▶ **Work request**
For the records below, count the lines containing the word "album" and reply with the number alone.

━━━ Dataset content

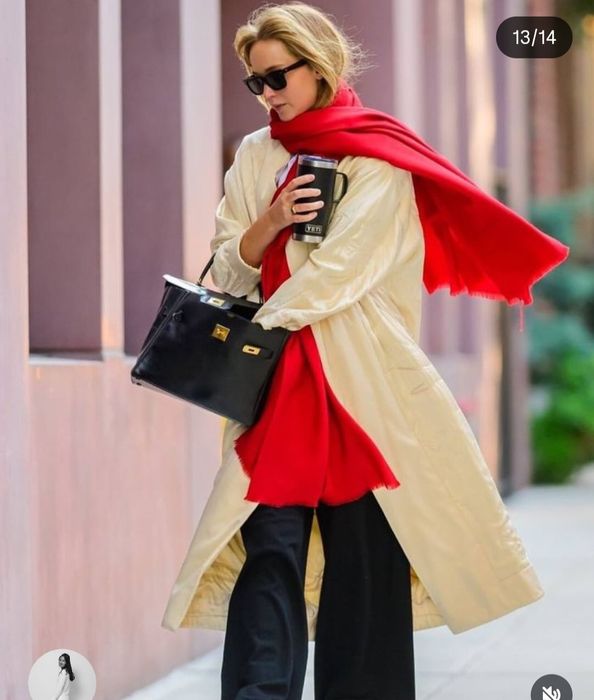 Яркий красный палантин mango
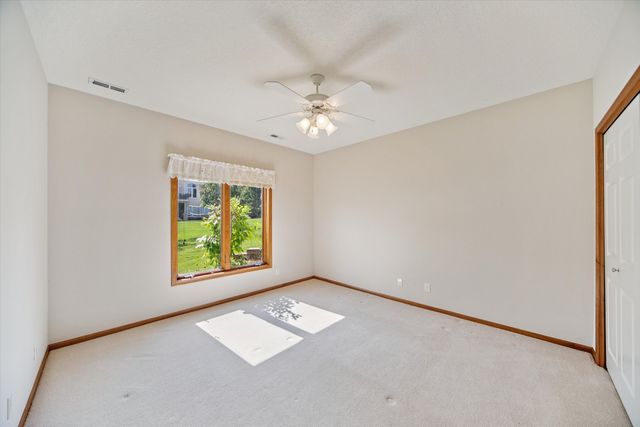 15142 Clearview Lane, Urbandale, IA 50323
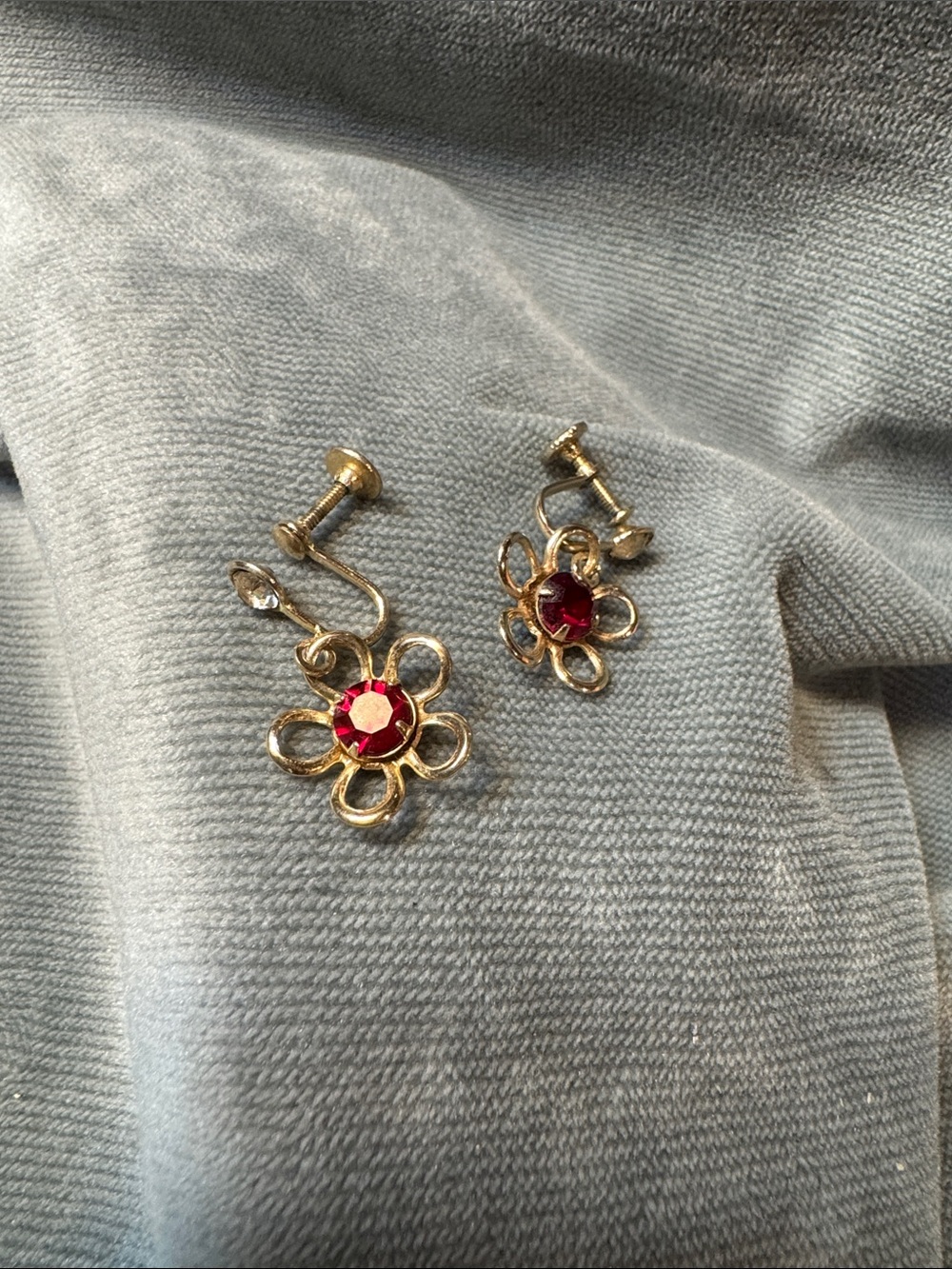Gold Floral Screw-Back Earrings with Red Gem Centers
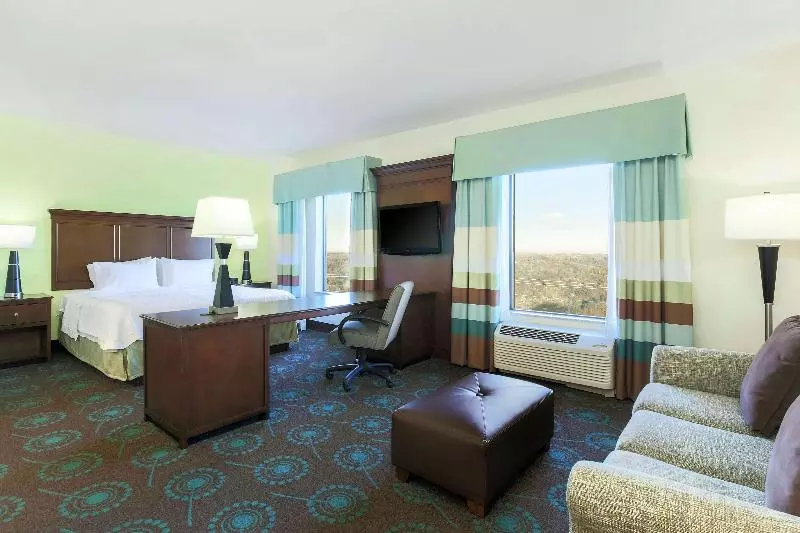 キングサイドベッドのスタンダードワンルーム, Hampton Inn & Suites Wheelingthe Highlands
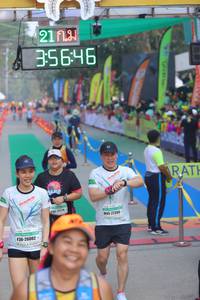 BIB: 35646, 21399, 26002
                            <button type="button" onclick="openModal(9134636)" class="btn btn-primary btn-sm float-right btn-popup" data-toggle="modal" data-target=".modal-high-quality">
                        <i class="fas fa-shopping-cart"></i> Add to Cart
                    </button>
                                            <button type="button" onclick="isThisMe(9134636, true)" class="btn btn-success btn-sm float-right btn-popup btn-isme hidden" data-toggle="tooltip" data-placement="bottom" title="นี่คือรูปของคุณใช่ไหม คลิกที่นี่เพื่อเอาเข้าอัลบั้ม">
                        <i class="fas fa-plus"></i> Add to album
                    </button>
                    <button type="button" onclick="isThisMe(9134636, false)" class="btn btn-warning btn-sm float-right btn-popup btn-isnotme hidden">
                        <i class="fas fa-ban"></i> Remove from album
                    </button>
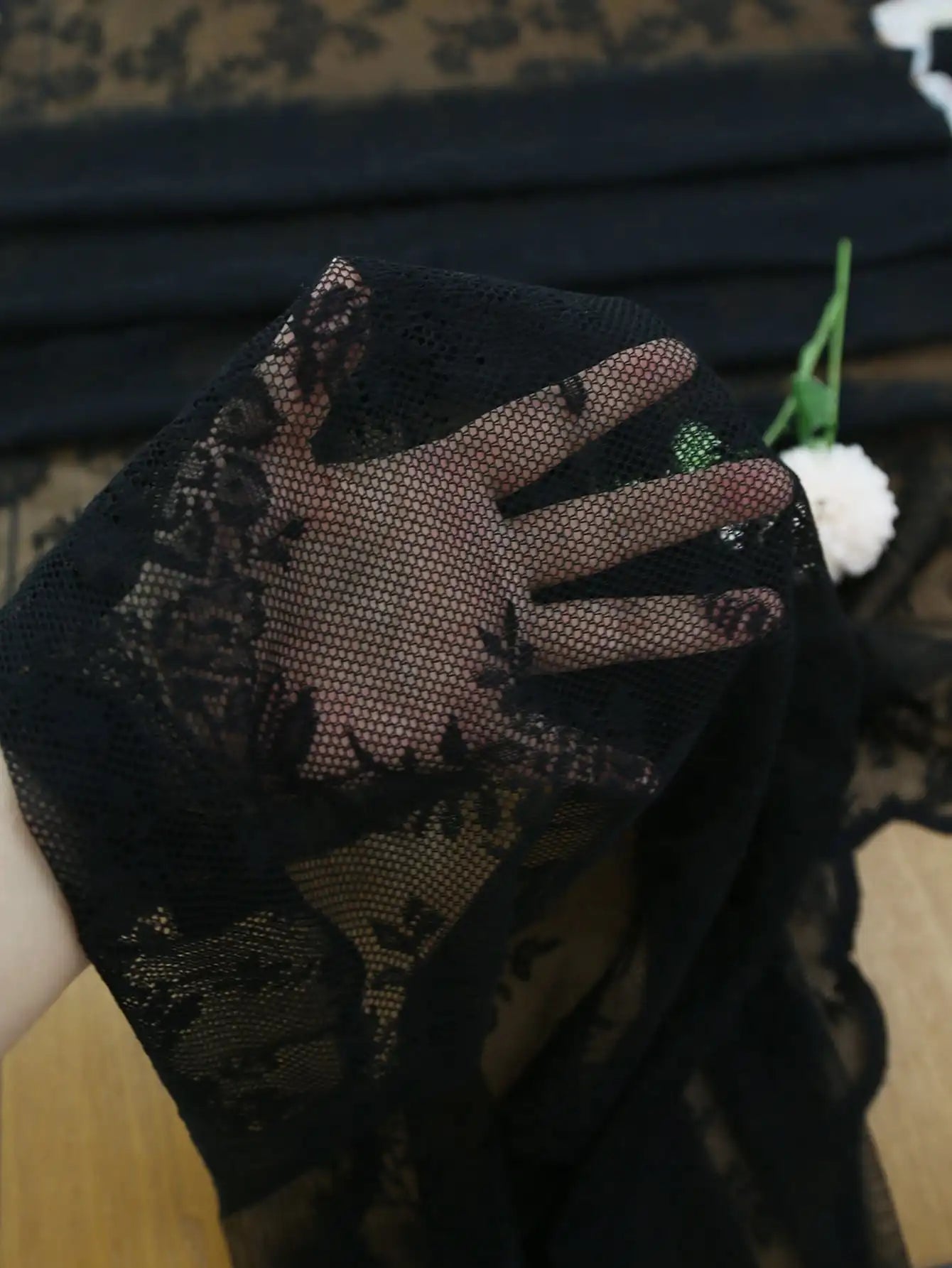 Rideau voilage en dentelle noire à motif floral pour fenêtre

━━━━━━

▶ **Written solution**
2